**RECORDS FOR THIS TASK**
§ §

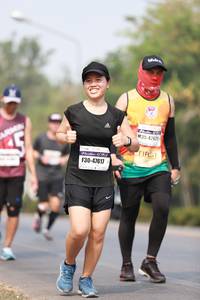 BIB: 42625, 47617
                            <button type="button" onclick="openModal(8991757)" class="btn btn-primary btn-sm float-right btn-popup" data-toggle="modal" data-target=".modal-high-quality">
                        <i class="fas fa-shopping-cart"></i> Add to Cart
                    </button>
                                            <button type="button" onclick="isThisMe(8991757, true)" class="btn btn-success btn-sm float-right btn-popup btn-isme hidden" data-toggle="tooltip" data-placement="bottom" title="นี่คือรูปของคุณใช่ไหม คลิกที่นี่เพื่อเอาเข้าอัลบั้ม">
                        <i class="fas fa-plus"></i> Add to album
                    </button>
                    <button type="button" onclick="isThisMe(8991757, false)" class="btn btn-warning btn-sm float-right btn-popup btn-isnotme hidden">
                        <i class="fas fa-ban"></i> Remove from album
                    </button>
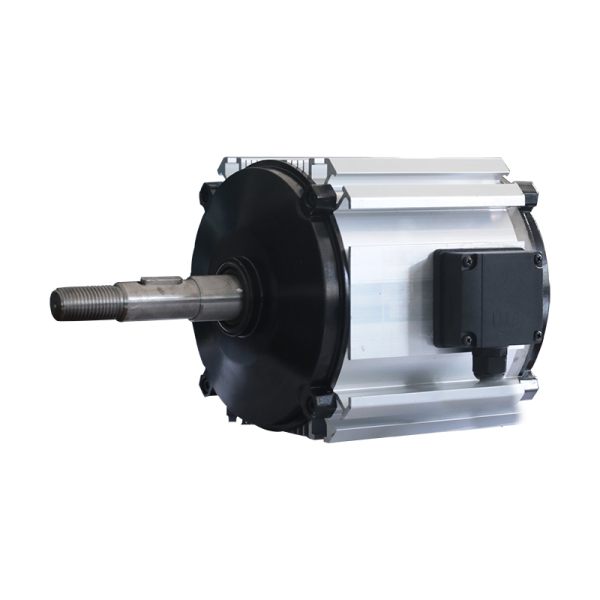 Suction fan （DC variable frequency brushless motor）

§ §

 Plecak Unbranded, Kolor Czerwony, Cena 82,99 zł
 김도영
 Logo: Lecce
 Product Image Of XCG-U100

§ §

**TASK**
Copy out precisely the lines from the line with "btn-primary btn-sm float-right" to the line with "btn-success btn-sm float-right" in the material above, including those two lines and omitting all the rest.

**TASK ANSWER**
                            <button type="button" onclick="openModal(8991757)" class="btn btn-primary btn-sm float-right btn-popup" data-toggle="modal" data-target=".modal-high-quality">
                        <i class="fas fa-shopping-cart"></i> Add to Cart
                    </button>
                                            <button type="button" onclick="isThisMe(8991757, true)" class="btn btn-success btn-sm float-right btn-popup btn-isme hidden" data-toggle="tooltip" data-placement="bottom" title="นี่คือรูปของคุณใช่ไหม คลิกที่นี่เพื่อเอาเข้าอัลบั้ม">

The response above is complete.